File: emacs-lisp-intro.info, Node: Words in a defun, Next: Readying a Graph, Prev: Counting Words, Up: Top
Counting Words in a `defun'
***************************
Our next project is to count the number of words in a function
definition. Clearly, this can be done using some variant of
`count-word-region'. *Note Counting Words: Repetition and Regexps:
Counting Words. If we are just going to count the words in one
definition, it is easy enough to mark the definition with the `C-M-h'
(`mark-defun') command, and then call `count-word-region'.
However, I am more ambitious: I want to count the words and symbols
in every definition in the Emacs sources and then print a graph that
shows how many functions there are of each length: how many contain 40
to 49 words or symbols, how many contain 50 to 59 words or symbols, and
so on. I have often been curious how long a typical function is, and
this will tell.
* Menu:
* Divide and Conquer::
* Words and Symbols:: What to count?
* Syntax:: What constitutes a word or symbol?
* count-words-in-defun:: Very like `count-words'.
* Several defuns:: Counting several defuns in a file.
* Find a File:: Do you want to look at a file?
* lengths-list-file:: A list of the lengths of many definitions.
* Several files:: Counting in definitions in different files.
* Several files recursively:: Recursively counting in different files.
* Prepare the data:: Prepare the data for display in a graph.
File: emacs-lisp-intro.info, Node: Divide and Conquer, Next: Words and Symbols, Prev: Words in a defun, Up: Words in a defun
Divide and Conquer
==================
Described in one phrase, the histogram project is daunting; but
divided into numerous small steps, each of which we can take one at a
time, the project becomes less fearsome. Let us consider what the
steps must be:
* First, write a function to count the words in one definition. This
includes the problem of handling symbols as well as words.
* Second, write a function to list the numbers of words in each
function in a file. This function can use the
`count-words-in-defun' function.
* Third, write a function to list the numbers of words in each
function in each of several files. This entails automatically
finding the various files, switching to them, and counting the
words in the definitions within them.
* Fourth, write a function to convert the list of numbers that we
created in step three to a form that will be suitable for printing
as a graph.
* Fifth, write a function to print the results as a graph.

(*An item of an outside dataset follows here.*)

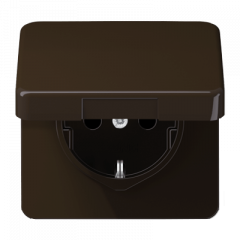 РОЗЕТКА с заземлением и крышкой коричневая (защита IP 44)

This is quite a project! But if we take each step slowly, it will
not be difficult.
File: emacs-lisp-intro.info, Node: Words and Symbols, Next: Syntax, Prev: Divide and Conquer, Up: Words in a defun
What to Count?
==============
When we first start thinking about how to count the words in a
function definition, the first question is (or ought to be) what are we
going to count? When we speak of `words' with respect to a Lisp
function definition, we are actually speaking, in large part, of
`symbols'. For example, the following `multiply-by-seven' function
contains the five symbols `defun', `multiply-by-seven', `number', `*',
and `7'. In addition, in the documentation string, it contains the
four words `Multiply', `NUMBER', `by', and `seven'. The symbol
`number' is repeated, so the definition contains a total of ten words
and symbols.
(defun multiply-by-seven (number)
"Multiply NUMBER by seven."
(* 7 number))
However, if we mark the `multiply-by-seven' definition with `C-M-h'
(`mark-defun'), and then call `count-words-region' on it, we will find
that `count-words-region' claims the definition has eleven words, not
ten! Something is wrong!
The problem is twofold: `count-words-region' does not count the `*'
as a word, and it counts the single symbol, `multiply-by-seven', as
containing three words. The hyphens are treated as if they were
interword spaces rather than intraword connectors: `multiply-by-seven'
is counted as if it were written `multiply by seven'.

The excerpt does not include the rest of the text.